- [Exercise directions]: A word-for-word copy of the entries is needed, and it should contain no images.

- [Data for this task]:
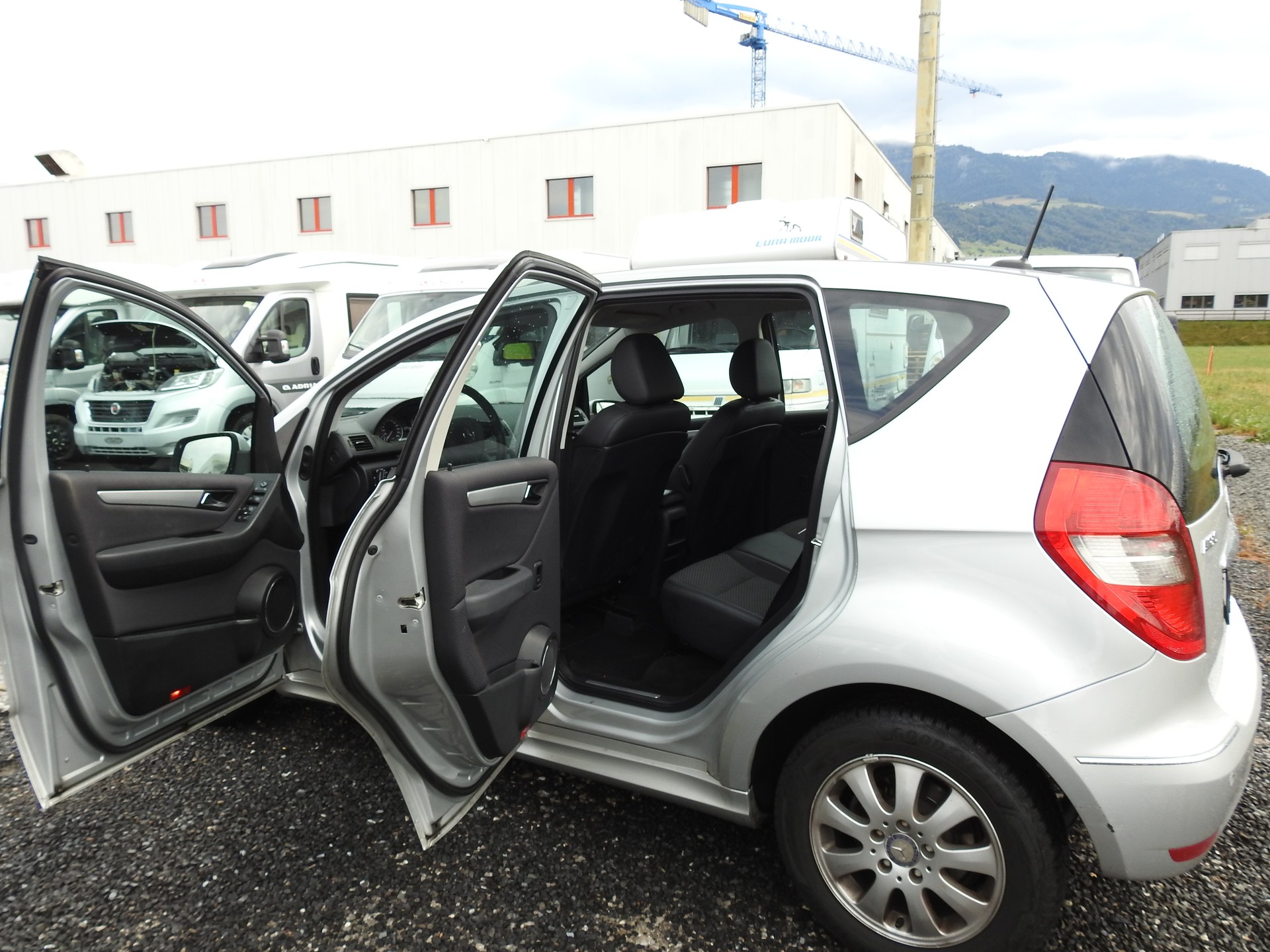 MERCEDES-BENZ A 180 Avantgarde Selection Autotronic-image-14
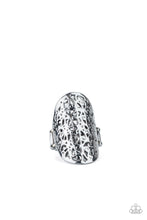 Load image into Gallery viewer, Paparazzi's Full Out Frill - Black ring
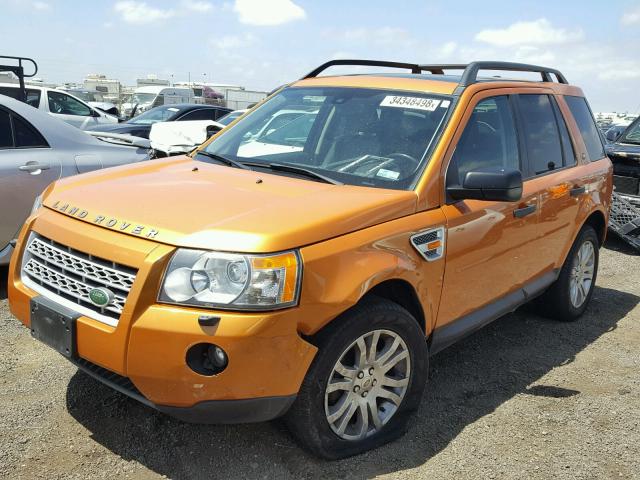 SALFS24N68H045889 - 2008 LAND ROVER LR2 SE TEC ORANGE photo 2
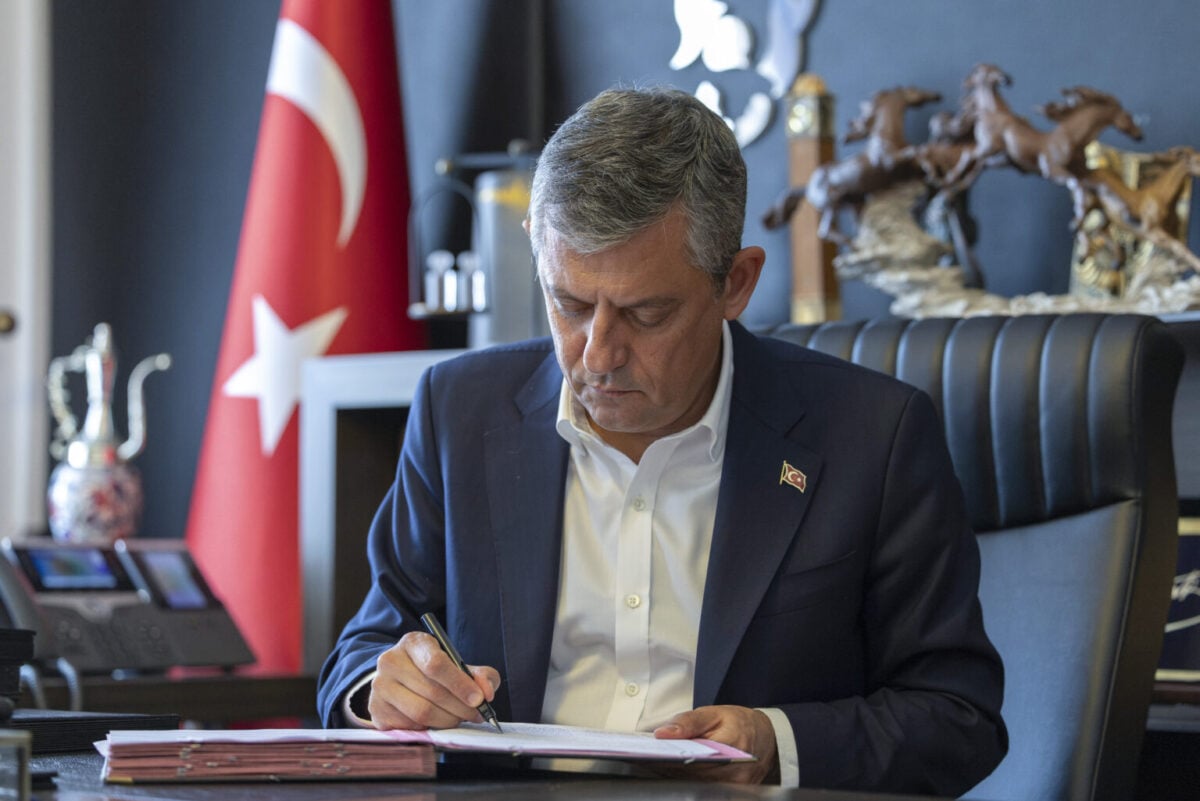 Tarık Çelenk yazdı: CHP'ye "Kurtarın bizi"nden, Özel'e "Kurtar bizi"ne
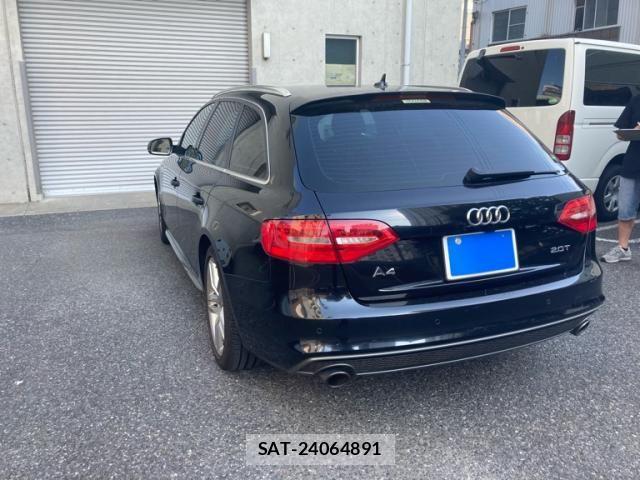 Audi A4 2013-03 8827904-7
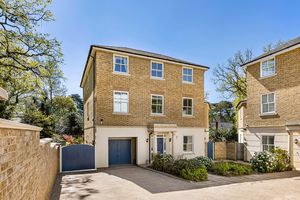 Photo 23- click for photo gallery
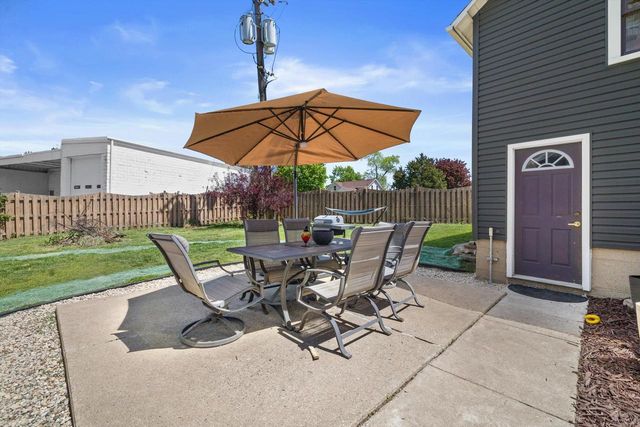 520 Freeman STREET, Genoa City, WI 53128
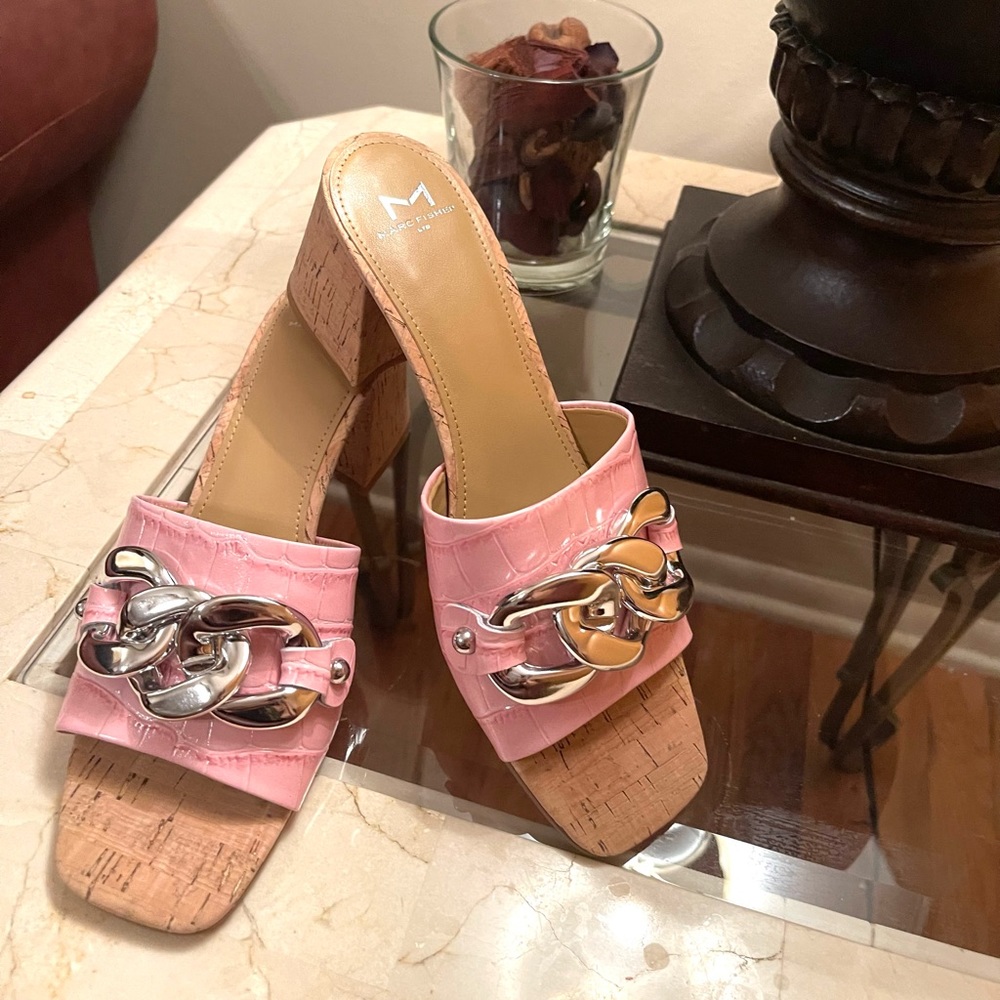 Marc Fisher Ltd./ Pink Leather heeled sandal / size 9M / NEW no tags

- [Result below]:
 MERCEDES-BENZ A 180 Avantgarde Selection Autotronic-image-14
 Load image into Gallery viewer, Paparazzi's Full Out Frill - Black ring
 SALFS24N68H045889 - 2008 LAND ROVER LR2 SE TEC ORANGE photo 2
 Tarık Çelenk yazdı: CHP'ye "Kurtarın bizi"nden, Özel'e "Kurtar bizi"ne
 Audi A4 2013-03 8827904-7
 Photo 23- click for photo gallery
 520 Freeman STREET, Genoa City, WI 53128
 Marc Fisher Ltd./ Pink Leather heeled sandal / size 9M / NEW no tags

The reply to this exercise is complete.